Variables and measurement scales (types and implications)
- Variable: a characteristic of interest for each individual in a population or sample (e.g., memory capacity, distraction condition).
- Qualitative (categorical) vs. quantitative (numerical) attributes:
- Qualitative: categories without intrinsic numeric magnitude (e.g., gender, eye color, political affiliation).
- Quantitative: numeric values with meaningful magnitude (e.g., height, weight, income).
- Measurement is about assigning numbers to observations according to consistent rules (operational definitions).
- Qualitative variables can be coded numerically (e.g., eye color: 0–blue, 1–brown, etc.), but not all numerical operations are meaningful on qualitative data (e.g., averaging eye color codes).
- Quantitative scales and ordering:
- Discrete vs. Continuous: discrete has whole numbers (e.g., number of cars passing by); continuous can take any value within a range (e.g., height).
- Dichotomous: a special discrete case with only two values (e.g., alive/dead, true/false).
- Scales of measurement (from simplest to most informative):
- Nominal: categories with no intrinsic order (e.g., eye color, political party labels). No meaningful magnitude, equal intervals, or true zero.
- Example: color labels (Yellow=2, Green=4, etc.) are labels; the numbers are identifiers, not magnitudes.
- Ordinal: order matters, but intervals between values are not necessarily equal (e.g., race placement, level of preference).
- Example: ranking Smarties by preference: red=1, blue=2, green=3, etc. Order matters, but gaps are not quantified.
- Interval: order and meaningful equal intervals, but no true zero (e.g., IQ scores, temperature in Celsius).
- Distances between values are interpretable, but 0°C does not mean 'no temperature.'
- Ratio: order, meaningful equal intervals, plus a meaningful zero that allows ratio comparisons (e.g., height, weight, Kelvin temperature, age).
- With a true zero, statements like 'twice as tall' are meaningful.
- The choice of scale affects allowable statistics and the kinds of claims you can make.
- Measurement of constructs in psychology requires careful consideration of scale properties and the interpretation of results.
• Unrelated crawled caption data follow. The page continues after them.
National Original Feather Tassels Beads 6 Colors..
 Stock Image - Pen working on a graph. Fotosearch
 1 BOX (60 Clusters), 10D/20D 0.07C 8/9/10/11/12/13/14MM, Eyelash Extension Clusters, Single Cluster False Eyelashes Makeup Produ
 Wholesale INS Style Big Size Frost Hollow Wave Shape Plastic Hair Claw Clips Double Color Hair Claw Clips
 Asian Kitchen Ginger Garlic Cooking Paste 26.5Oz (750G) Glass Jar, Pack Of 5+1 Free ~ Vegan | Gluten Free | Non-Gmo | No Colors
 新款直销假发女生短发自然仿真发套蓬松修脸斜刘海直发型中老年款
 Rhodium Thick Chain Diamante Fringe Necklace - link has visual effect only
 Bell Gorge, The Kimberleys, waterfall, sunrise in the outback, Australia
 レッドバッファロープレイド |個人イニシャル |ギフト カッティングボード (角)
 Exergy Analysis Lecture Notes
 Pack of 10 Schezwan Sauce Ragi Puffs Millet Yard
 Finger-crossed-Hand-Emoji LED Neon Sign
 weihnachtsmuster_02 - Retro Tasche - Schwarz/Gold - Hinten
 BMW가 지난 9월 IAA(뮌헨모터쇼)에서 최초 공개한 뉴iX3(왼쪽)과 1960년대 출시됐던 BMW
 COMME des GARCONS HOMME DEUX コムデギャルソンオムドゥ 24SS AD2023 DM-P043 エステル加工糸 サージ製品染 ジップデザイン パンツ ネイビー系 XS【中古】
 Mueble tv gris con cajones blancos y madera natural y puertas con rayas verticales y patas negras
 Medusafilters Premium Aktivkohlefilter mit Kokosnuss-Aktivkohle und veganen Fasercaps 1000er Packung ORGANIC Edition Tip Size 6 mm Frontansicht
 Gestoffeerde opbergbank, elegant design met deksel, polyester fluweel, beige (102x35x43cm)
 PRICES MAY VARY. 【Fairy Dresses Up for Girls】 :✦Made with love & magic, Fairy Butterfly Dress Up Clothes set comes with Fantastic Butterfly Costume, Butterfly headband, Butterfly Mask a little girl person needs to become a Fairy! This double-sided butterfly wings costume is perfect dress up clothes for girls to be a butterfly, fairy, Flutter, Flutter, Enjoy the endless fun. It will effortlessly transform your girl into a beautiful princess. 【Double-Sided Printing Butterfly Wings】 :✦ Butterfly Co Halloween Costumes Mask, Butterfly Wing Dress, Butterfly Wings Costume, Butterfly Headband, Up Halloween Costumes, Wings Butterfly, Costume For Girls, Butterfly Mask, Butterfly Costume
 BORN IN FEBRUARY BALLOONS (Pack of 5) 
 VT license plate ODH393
Reliability and validity: core psychometrics concepts
- Reliability: stability and consistency of a measure across time, raters, or trials.
- Test-retest reliability: administer the same test twice; scores should be similarly related if the underlying trait is stable.
- Represented visually by a scatter plot of Test 1 vs Test 2 scores; a strong positive correlation indicates reliability.
- Realistically, perfect identical scores are unlikely due to day-to-day variation (sleep, mood, etc.).
- Inter-rater reliability: agreement between two or more raters who assess the same data; assessed by correlation between their scores.
- Acceptable reliability is often around r ≈ 0.60 or higher; higher is better.
- Validity: the extent to which a measure captures what it is intended to measure.
- Internal validity: the extent to which observed effects are due to the manipulation rather than confounds; lack of control for confounds reduces internal validity.
- External validity: generalizability of findings beyond the study sample or setting (e.g., WEIRD samples: Western, Educated, Industrialized, Rich, Democratic).
- Low external validity means limited generalizability to other populations or cultures.
- Construct validity: how well a test or measure actually captures the theoretical construct of interest.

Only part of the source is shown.